**YOUR INSTRUCTIONS:** The range to repeat runs from the line with "HARE | モッズコート" to the last line below, both ends included; give it exactly and without pictures.

**Image-text web data:**
* * * * * * *

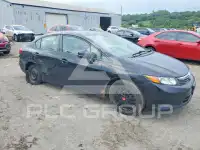 2012 Honda CIVIC фото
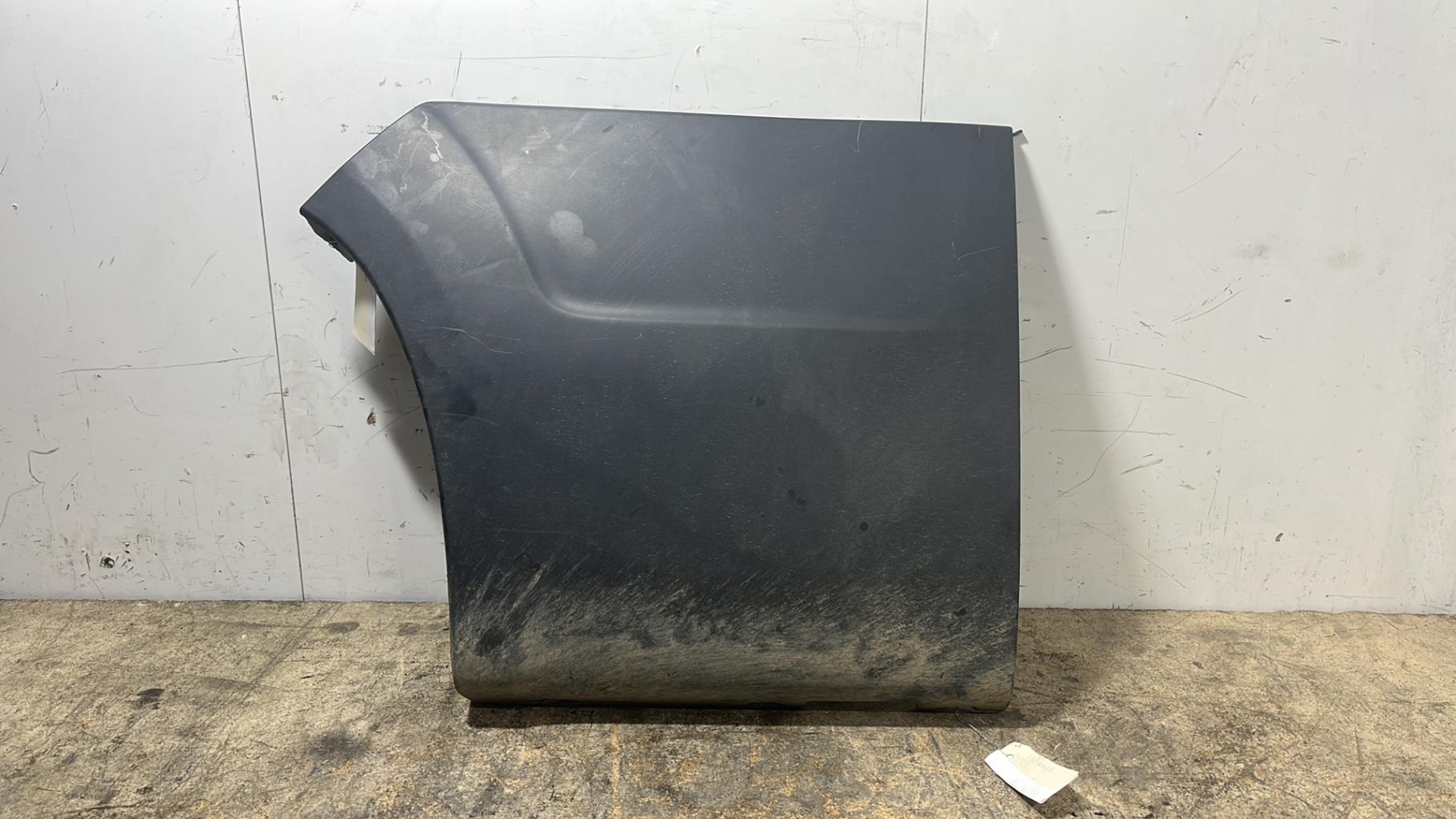 Extension d'aile arriere gauche peugeot boxer 3 phase 2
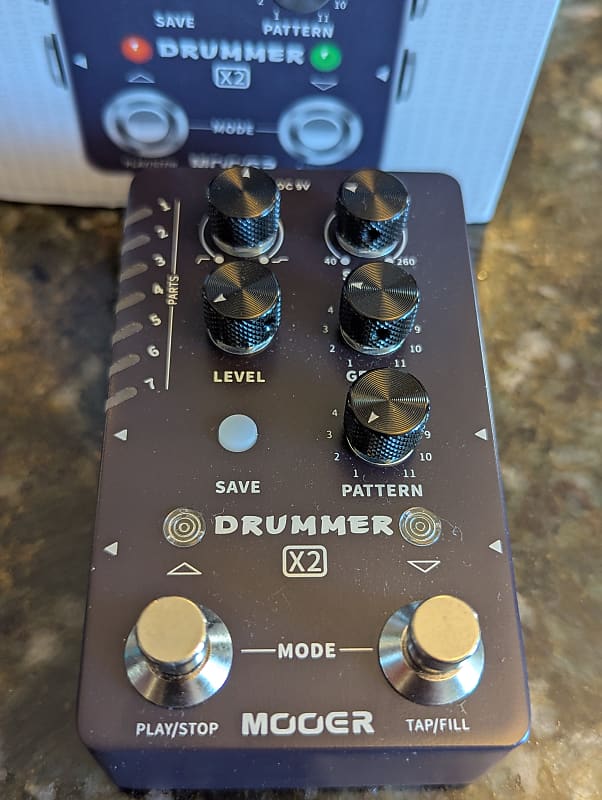 Mooer Drummer X2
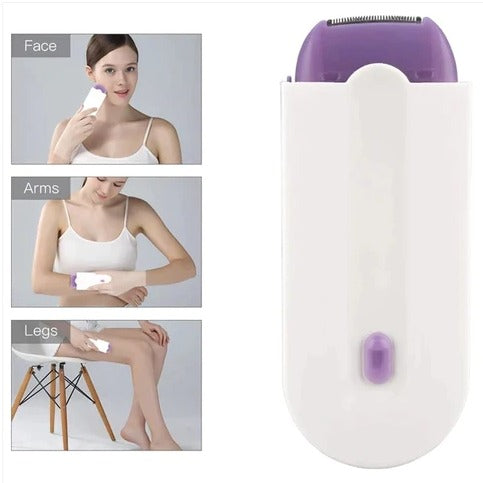 Instant Hair Removal Device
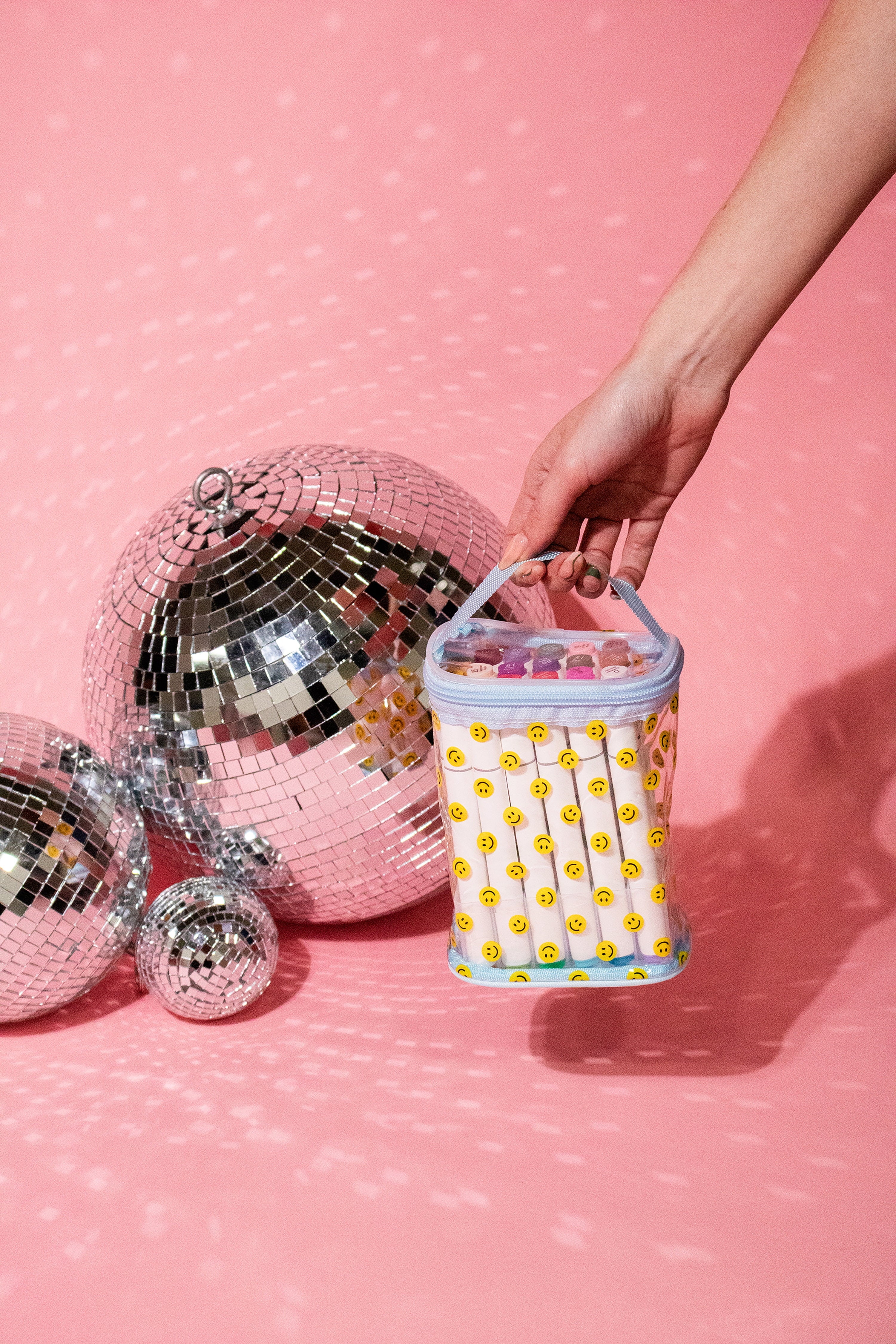 Art 101 Illy Markers in Pouch-Back to School, All Ages, 24 Count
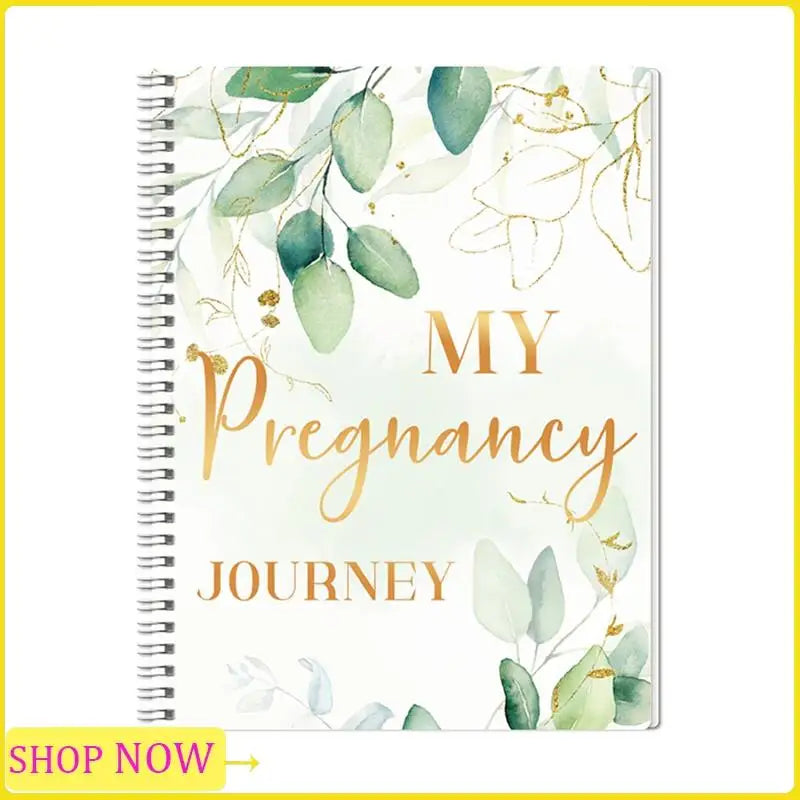 Especial Pregnancy Journals For First Time Mom - Pregnancy Book & Planner - Pregnancy Must Haves - With Calendar, Best Gifts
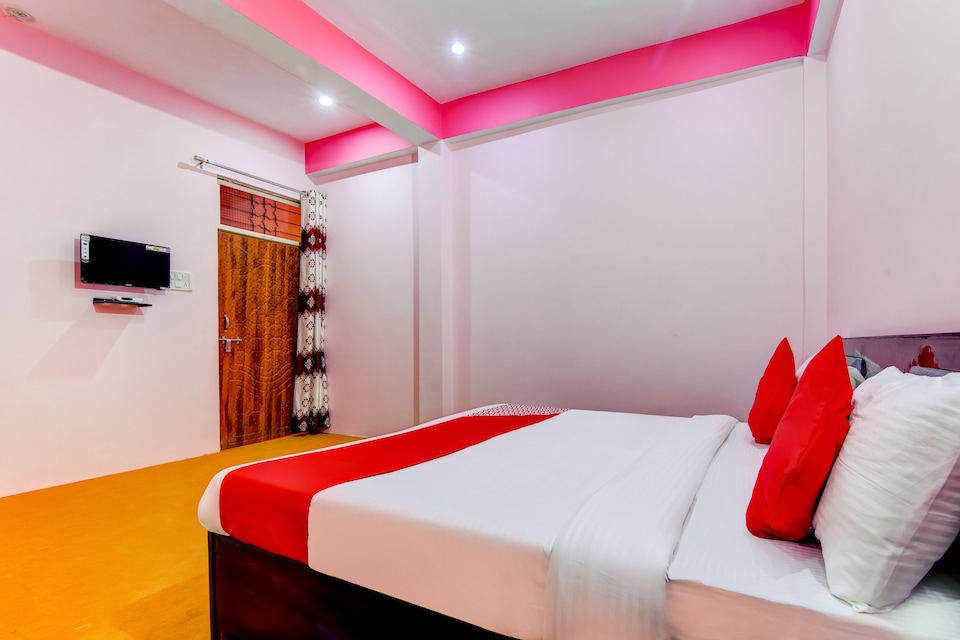 SPOT ON Hotel Anjali, Naini, Prayagraj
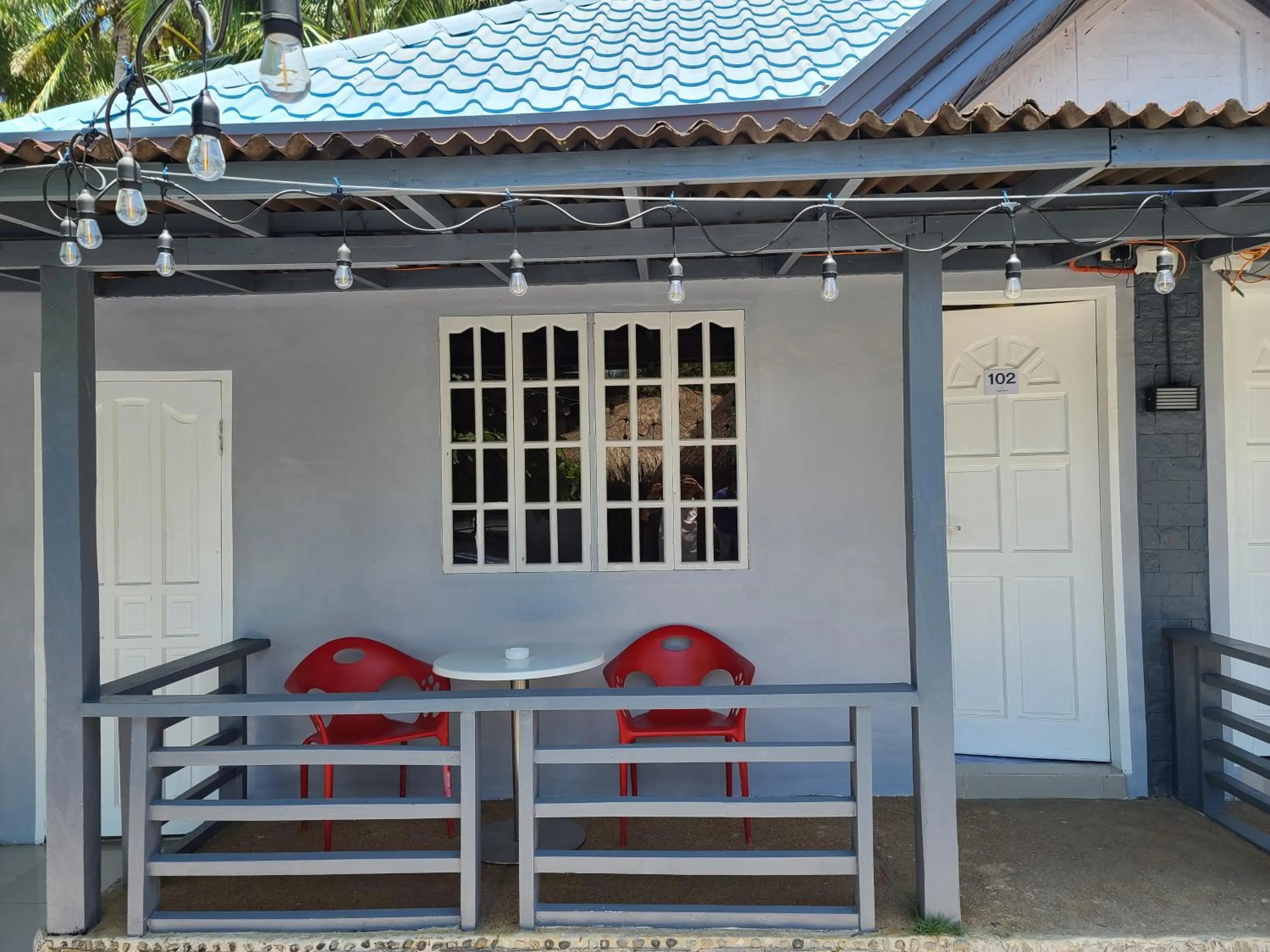 Property building in 버진 아일랜드 리조트 Virgin Island Resort Restaurant & Spa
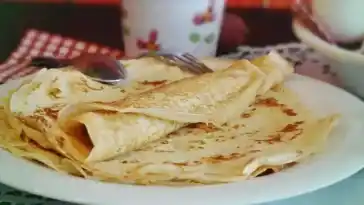 Lecker Kalorienarme Pfannkuchen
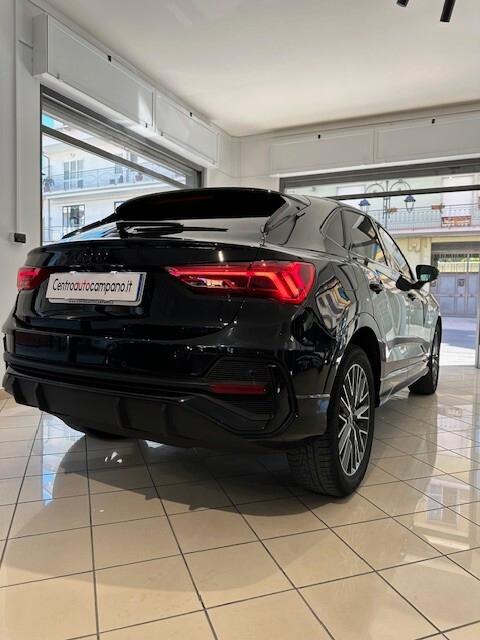 Audi Q3 SPB 35 TDI S line edition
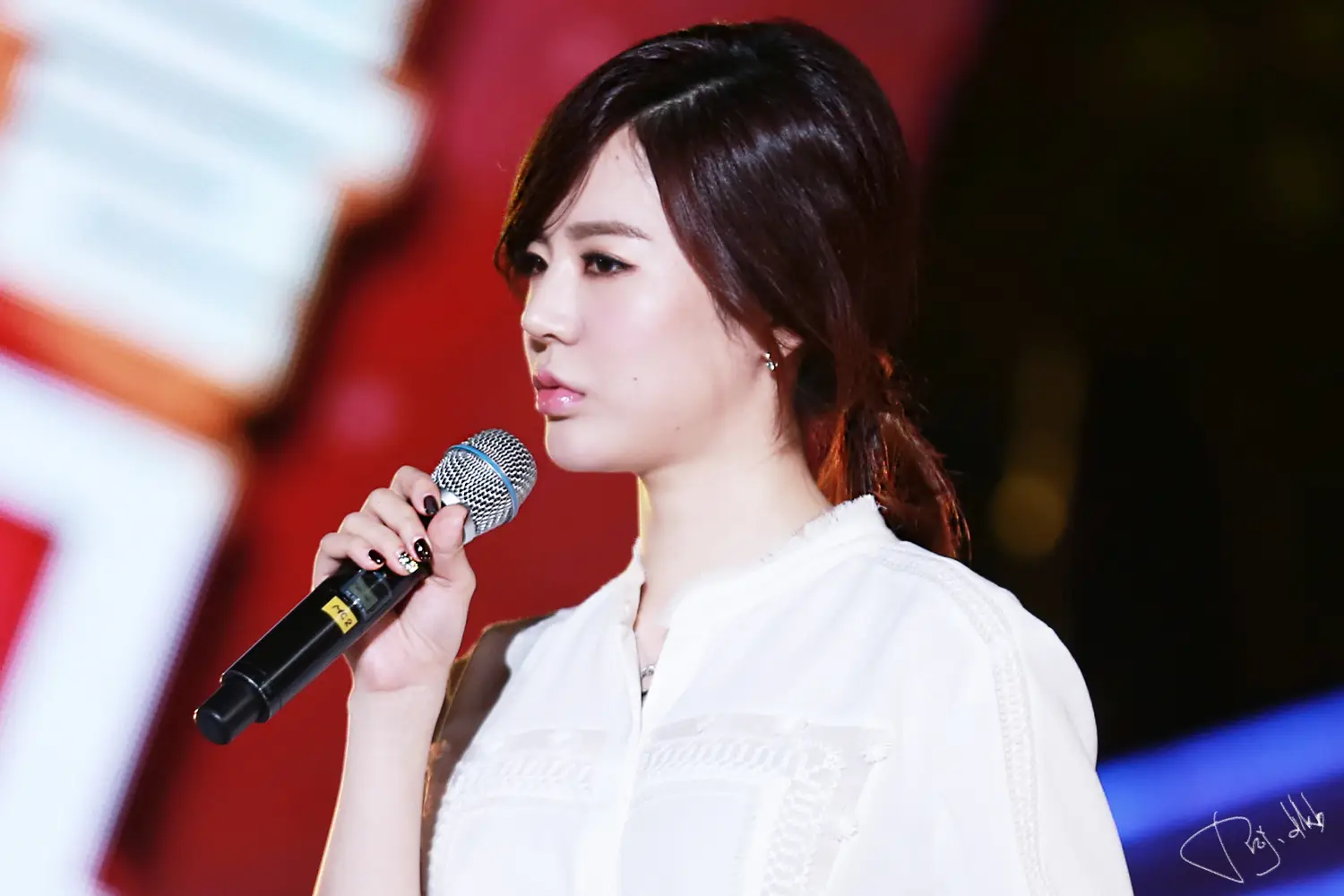 140904 MBC 크게 라디오를 켜고 MC 써니 by proj_dkb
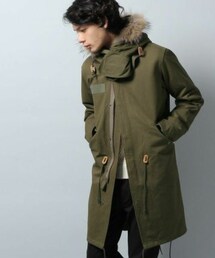 HARE | モッズコート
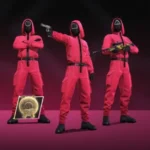 Free Fire x Squid Game Collaboration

* * * * * * *

**SOLUTION BELOW:**
 HARE | モッズコート
 Free Fire x Squid Game Collaboration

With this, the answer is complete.